Words by Bronwyn Marshall
Architecture by Architects Ink
Photography by Sam Noonan
Interior Design by Architects Ink
Styling by Realm Vintage
Structural Engineer PT Design

Celebrating its coastal locale, PR House replaces an existing beloved beach shack and proposes an enduring, low maintenance contemporary home. Architects Ink references raw and honest materials intended to age with grace while offering a warm and embracing family environment.

Located south of Adelaide in the popular holiday destination of Port Elliot, PR House stands to weather the imposed climate and ready to embrace its young family of four. Replacing an existing shack dwelling, the site and the destination needed a more permanent and long-lasting solution, better anchored to its site. The home sits between two large vertical concrete walls that flank the building and offer shielding protection from the prevailing winds while also providing textural diversity that engages with the elements throughout the day. Core to the new home is a grounding in low maintenance materials and durability, where select materiality comes together to respond to the surrounding context and climatic conditions. Architects Ink has created a home that captures the many muses of its clients, boldly offering a place of protection and warmth.

The solution sits between two large vertical concrete walls that flank the home and offer shielding protection from the prevailing winds while also offering textural diversity that engages with the elements throughout the day.

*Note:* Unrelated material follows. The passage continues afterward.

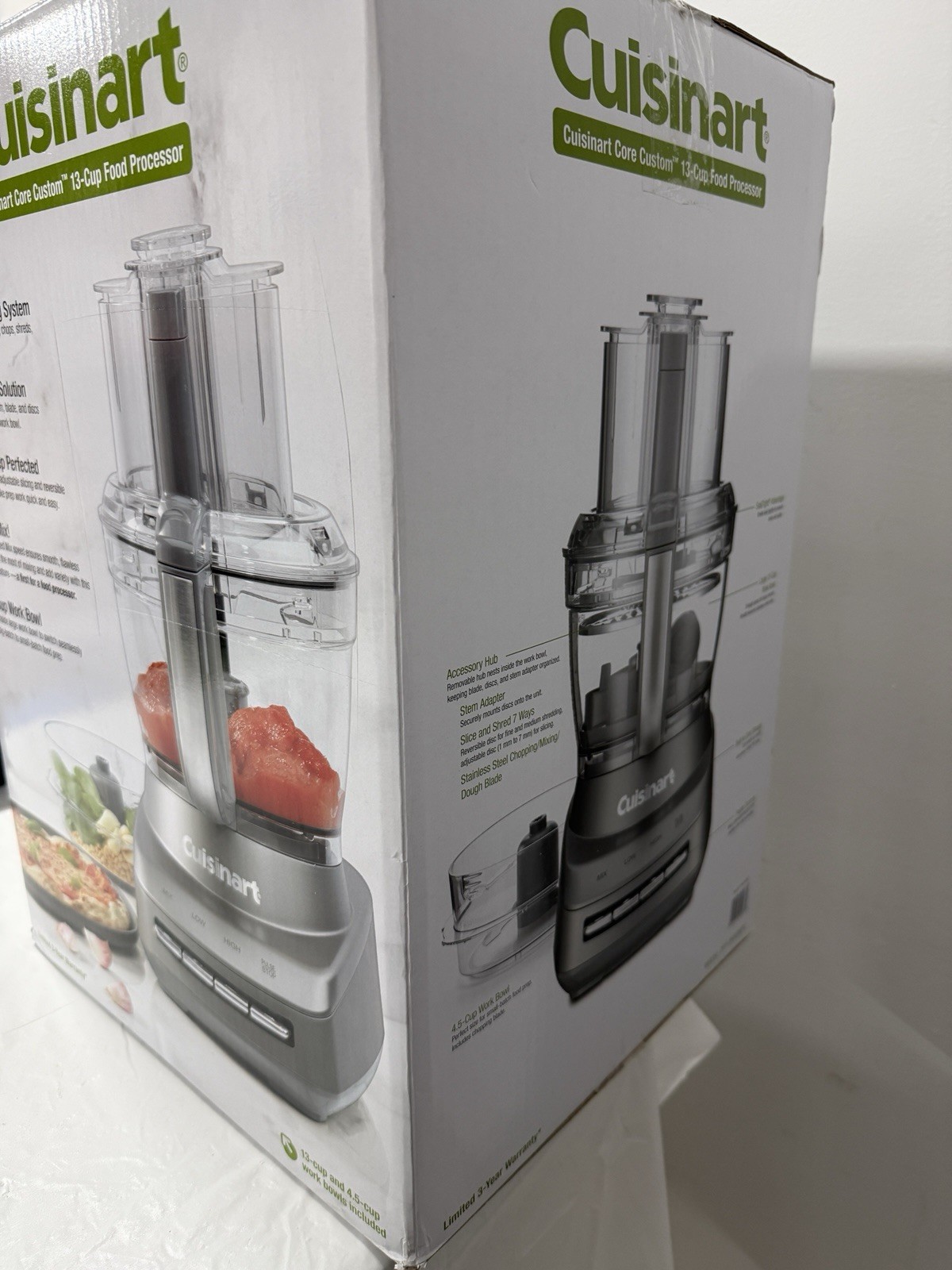 Cuisinart Core Custom 13-Cup Food Processor Silver w/ 4.5-Cup Bowl Storage gallery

Built by Krivic Built, together with engineering by PT Design, PR House is the composition of few elements, arranged to reflect the nature of its setting. Between its two bold flanking concrete walls, two floors are set back behind deep balconies to allow a sense of protection and mediation from the sun. The regularity of its comprising parts is deliberately simplified to allow the home’s square footprint to encase each of the brief’s requirements. The generous balcony spaces become extensions of the internal living zones, allowing an ease of transition across thresholds between inside and out, while the full-height glazing allows for uninterrupted views beyond. The operable elements of the façade also allow for natural ventilation and a deliberate reduced use of mechanical cooling and ventilation

Mimicking the spirit of the original home, the materiality selected speaks to the traditional beach shack in one way but also acts as a contemporary and more permanent reinterpretation in another. The cost-effective and innovative use of insitu textured concrete references the traditional timber build and frames the exterior volume, while a freeform sandstone feature wall centres the interior and incorporates the fireplace and adjoins the timber stair. This feature becomes the spine of the home and the internal experience, engaging with it through vertical movement and in a provider of warmth. Oak joinery and natural timber elements add variation and depth, both internally and externally. While the timber counterbalance the masonry features, the openness of the glass is contrasted to the warmth of the interiors, setting the tone for the owner’s vintage mid-century pieces to fill the interior.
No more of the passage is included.